In social networks, that is.

I hear a lot about how various social networks have privacy that sucks, and how, if only they got their user interaction act together, users would do so much better at choosing options that protect their privacy. This seems obviously untrue to me, and here’s why…

Imagine that I have two otherwise identical social networking sites, one with great privacy protection (GPPbook) and one that has privacy controls that suck (PCTSbook). What will my experience be on these two sites?

When I sign up on GPPbook, having jumped through whatever privacy-protecting hoops there are for account setup, what’s the next thing I want to do? Find my friends, of course. So, how do I do that? Well, I search for them, using, say, their name or their email address. But wait – GPPbook won’t let me see the names or email addresses of people who haven’t confirmed they are my friends. So, I’m screwed.

OK, so clearly that isn’t going to work, let’s relax the rules a little and use the not-quite-so-great site, NQSGPPbook, which will show names. After all, they’re rarely unique, so that seems pretty safe, right? And anyway, even if they are unique, what have I revealed? That someone signed up for the site at some point in the past – but nothing more. Cool, so now I can find my friends, great, so I look up my friend John Smith and I find ten thousand of them. No problem, just check the photos, where he lives, his birthday, his friends and so forth, and I can tell which one is my John Smith. But … oh dear, no friend lists, no photos, no date of birth – this is the privacy preserving site, remember? So, once more I’m screwed.

So how am I going to link to my friends? Pretty clearly the only privacy preserving way to do this is to contact them via some channel of communication I have already established with them, say email or instant messaging, and do the introduction over that. Similarly with any friends of friends. And so on.

Obviously the experience on PCTSbook is quite different. I look up John Smith, home in on the ones that live in the right place, are the right age, have the right friends and look right in their photos and I click “add friend” and I’m done.

So, clearly, privacy is a source of friction in social networking, slowing down the spread of GPPbook and NQSGPPbook in comparison to PCTSbook. And as we know, paralleling Dawkins on evolution, what spreads fastest is what we find around. So what we find around is social networks that are bad at protecting privacy.

This yields a testable hypothesis, like all good science, and here it is: the popularity of a social networking site will be in inverse proportion to the goodness of its privacy controls. I haven’t checked, but I’ll bet it turns out to be true.
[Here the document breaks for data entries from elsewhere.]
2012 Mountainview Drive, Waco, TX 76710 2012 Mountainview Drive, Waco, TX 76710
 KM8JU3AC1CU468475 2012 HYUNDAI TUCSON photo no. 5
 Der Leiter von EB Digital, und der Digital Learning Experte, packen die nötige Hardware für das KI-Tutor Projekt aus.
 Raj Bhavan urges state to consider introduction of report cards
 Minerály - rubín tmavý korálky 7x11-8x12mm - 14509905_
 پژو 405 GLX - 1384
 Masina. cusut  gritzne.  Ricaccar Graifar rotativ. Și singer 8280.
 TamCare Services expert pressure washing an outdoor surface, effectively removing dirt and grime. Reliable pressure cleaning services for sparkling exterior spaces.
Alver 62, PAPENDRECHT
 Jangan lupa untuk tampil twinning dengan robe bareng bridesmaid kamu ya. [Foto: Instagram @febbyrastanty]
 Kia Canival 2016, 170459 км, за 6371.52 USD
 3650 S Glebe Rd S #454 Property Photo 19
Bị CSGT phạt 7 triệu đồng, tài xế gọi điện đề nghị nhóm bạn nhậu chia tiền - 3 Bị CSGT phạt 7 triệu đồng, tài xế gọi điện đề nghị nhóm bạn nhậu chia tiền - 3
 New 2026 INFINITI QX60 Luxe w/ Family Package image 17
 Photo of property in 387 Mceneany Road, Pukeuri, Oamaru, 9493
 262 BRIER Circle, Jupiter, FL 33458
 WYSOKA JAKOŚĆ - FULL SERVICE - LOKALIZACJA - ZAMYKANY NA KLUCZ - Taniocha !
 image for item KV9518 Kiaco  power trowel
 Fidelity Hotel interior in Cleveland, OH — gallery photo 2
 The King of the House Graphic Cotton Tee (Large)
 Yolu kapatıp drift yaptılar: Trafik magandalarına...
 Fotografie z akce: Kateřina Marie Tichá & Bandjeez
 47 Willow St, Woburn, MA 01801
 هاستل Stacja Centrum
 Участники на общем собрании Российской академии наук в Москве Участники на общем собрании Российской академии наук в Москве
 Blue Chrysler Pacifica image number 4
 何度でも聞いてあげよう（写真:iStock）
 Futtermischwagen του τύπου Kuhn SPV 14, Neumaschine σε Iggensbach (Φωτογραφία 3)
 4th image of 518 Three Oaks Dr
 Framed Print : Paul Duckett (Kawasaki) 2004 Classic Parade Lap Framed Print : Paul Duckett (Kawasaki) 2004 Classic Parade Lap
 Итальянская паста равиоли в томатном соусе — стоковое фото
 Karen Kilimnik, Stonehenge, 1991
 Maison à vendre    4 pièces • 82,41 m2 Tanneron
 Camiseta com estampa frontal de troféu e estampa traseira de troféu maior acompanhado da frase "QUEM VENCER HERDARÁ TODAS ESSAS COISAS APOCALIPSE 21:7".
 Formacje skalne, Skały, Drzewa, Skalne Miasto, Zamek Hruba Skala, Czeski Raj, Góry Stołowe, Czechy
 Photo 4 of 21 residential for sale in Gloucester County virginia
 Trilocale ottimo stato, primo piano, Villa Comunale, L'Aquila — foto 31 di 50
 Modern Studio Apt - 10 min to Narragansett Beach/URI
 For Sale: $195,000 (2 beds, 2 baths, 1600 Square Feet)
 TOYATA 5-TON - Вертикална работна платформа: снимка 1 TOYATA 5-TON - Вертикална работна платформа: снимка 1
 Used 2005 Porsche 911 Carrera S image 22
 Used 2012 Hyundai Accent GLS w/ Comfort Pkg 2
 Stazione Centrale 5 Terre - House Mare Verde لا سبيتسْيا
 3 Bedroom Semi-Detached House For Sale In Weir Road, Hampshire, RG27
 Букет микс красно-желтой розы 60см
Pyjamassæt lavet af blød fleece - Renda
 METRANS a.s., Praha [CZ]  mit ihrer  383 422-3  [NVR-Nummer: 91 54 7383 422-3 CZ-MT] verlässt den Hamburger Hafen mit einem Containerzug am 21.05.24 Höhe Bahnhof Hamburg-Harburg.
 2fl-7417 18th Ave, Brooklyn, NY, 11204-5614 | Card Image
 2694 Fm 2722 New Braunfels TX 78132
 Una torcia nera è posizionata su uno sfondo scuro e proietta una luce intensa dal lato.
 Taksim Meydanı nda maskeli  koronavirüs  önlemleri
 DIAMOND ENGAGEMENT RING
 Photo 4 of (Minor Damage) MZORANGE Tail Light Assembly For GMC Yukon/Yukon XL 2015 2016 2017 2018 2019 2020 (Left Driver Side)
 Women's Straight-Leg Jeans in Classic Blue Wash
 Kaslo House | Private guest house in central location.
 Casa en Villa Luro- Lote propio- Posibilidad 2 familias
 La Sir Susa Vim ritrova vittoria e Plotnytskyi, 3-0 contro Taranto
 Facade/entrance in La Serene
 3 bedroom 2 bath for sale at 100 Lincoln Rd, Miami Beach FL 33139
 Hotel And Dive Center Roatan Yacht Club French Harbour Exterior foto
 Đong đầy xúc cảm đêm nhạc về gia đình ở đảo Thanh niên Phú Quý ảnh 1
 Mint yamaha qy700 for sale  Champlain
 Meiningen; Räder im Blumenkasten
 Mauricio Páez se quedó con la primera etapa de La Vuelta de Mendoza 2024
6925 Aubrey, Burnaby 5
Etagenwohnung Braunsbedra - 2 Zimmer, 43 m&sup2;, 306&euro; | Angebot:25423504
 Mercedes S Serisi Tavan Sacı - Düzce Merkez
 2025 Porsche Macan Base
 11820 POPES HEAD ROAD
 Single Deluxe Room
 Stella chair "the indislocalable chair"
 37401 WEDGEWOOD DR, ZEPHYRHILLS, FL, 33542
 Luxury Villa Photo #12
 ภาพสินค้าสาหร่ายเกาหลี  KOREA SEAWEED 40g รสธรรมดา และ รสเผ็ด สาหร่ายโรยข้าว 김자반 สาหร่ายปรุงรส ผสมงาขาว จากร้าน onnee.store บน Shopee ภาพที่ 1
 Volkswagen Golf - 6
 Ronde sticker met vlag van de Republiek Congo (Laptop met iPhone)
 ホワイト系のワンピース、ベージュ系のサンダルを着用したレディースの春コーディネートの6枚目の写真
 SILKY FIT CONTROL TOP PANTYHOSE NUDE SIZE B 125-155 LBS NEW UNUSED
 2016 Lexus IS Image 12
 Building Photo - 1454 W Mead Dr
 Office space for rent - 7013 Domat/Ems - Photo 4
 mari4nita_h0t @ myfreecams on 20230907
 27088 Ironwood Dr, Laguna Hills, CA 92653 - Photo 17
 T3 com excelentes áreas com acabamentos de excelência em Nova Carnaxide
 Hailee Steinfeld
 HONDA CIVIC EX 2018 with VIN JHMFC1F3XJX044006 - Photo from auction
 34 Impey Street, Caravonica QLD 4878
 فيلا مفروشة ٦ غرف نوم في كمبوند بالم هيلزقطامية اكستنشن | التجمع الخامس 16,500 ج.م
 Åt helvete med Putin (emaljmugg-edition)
And since I’ve mentioned evolution, here’s another thing that I’ve been thinking about in this context: evolution does not yield optimal solutions. As we know, evolution doesn’t even drive towards locally optimal solutions, it drives towards evolutionary stable strategies instead. And this is the underlying reason that we end up with systems that everyone hates – because they are determined by evolution, not optimality.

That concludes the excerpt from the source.